Vagammo da una casa all'altra, da un portone all'altro, a tentoni, quasi come ubriachi nella nebbia, sempre inseguendo il miraggio dei misteriosi riti Umbanda; sempre per vedere qualche vecchierella scuotere il capo e stringersi nelle spalle, con finto dispiacere: ma perché non avevamo domandato prima, purtroppo era ormai tardi, non si poteva interrompere un rito già iniziato.

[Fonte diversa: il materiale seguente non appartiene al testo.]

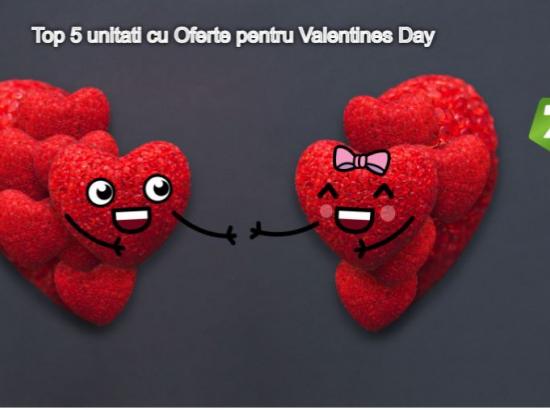 Top 5 unitati cu Oferte de Valentines Day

Un'altra volta, forse… Sì, certo, un'altra volta…
E avanti, avanti, sempre più stanchi, sempre più bagnati, sempre più demoralizzati: da un edificio all'altro, da un cortile all'altro, da una scala all'altra, come in un buio girone dantesco, popolato di presenze impalpabili, ma non amiche.

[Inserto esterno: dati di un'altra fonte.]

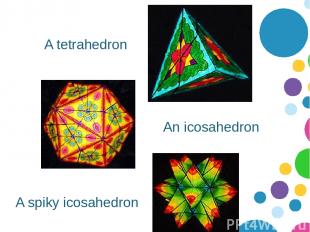 A tetrahedron An icosahedron A spiky icosahedron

Ma tutto pareva essersi coalizzato contro le nostre speranze: le persone cercate non c'erano, i passanti interrogati non sapevano o, forse, più probabilmente, fingevano di non sapere; il nostro aspetto doveva destare più di qualche sospetto - eravamo stranieri, dopotutto: ma stranieri che, pur in quel Paese dalle cento razze, destavano subito diffidenza, con quell'aria da Europei giunti freschi freschi in quell'America che non è America, in quell'Africa che non è Africa,  in quell'emisfero australe ove brillano le quattro stelle della Croce del Sud - non viste mai, dice Dante, fuor ch'alla prima gente: ma lui come faceva a conoscerle?
Finalmente giungemmo ad un bar che apriva le sue vetrate sulla notte, al limite estremo della città addormentata: in faccia, solo il vento umido del sertâo, le grandi ombre nere della notte e le colline che si perdevano all'orizzonte, nella distanza infinita.

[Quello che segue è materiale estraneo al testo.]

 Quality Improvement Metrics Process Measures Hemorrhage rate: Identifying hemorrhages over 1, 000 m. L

Ecco, ricordo - chissà perché - quel preciso momento in cui, esasperato dalla stanchezza e da quella inutile, affannosa ricerca, invaso da un senso di sconforto molto simile alla disfatta, circondato da quella strana umanità crepuscolare, che ambiguamente andava e veniva da chissà dove a chissà dove, qualcosa accadde…
Niente di visibile, di tangibile, di esteriore: la pioggia continuava uguale, e così la linea nera delle colline, le pochi luci del marciapiede, quella desolazione tropicale antica come il mondo, senza passato e senza futuro: tutto era uguale a prima.
Ma dentro, nell'anima, si era levato il vento.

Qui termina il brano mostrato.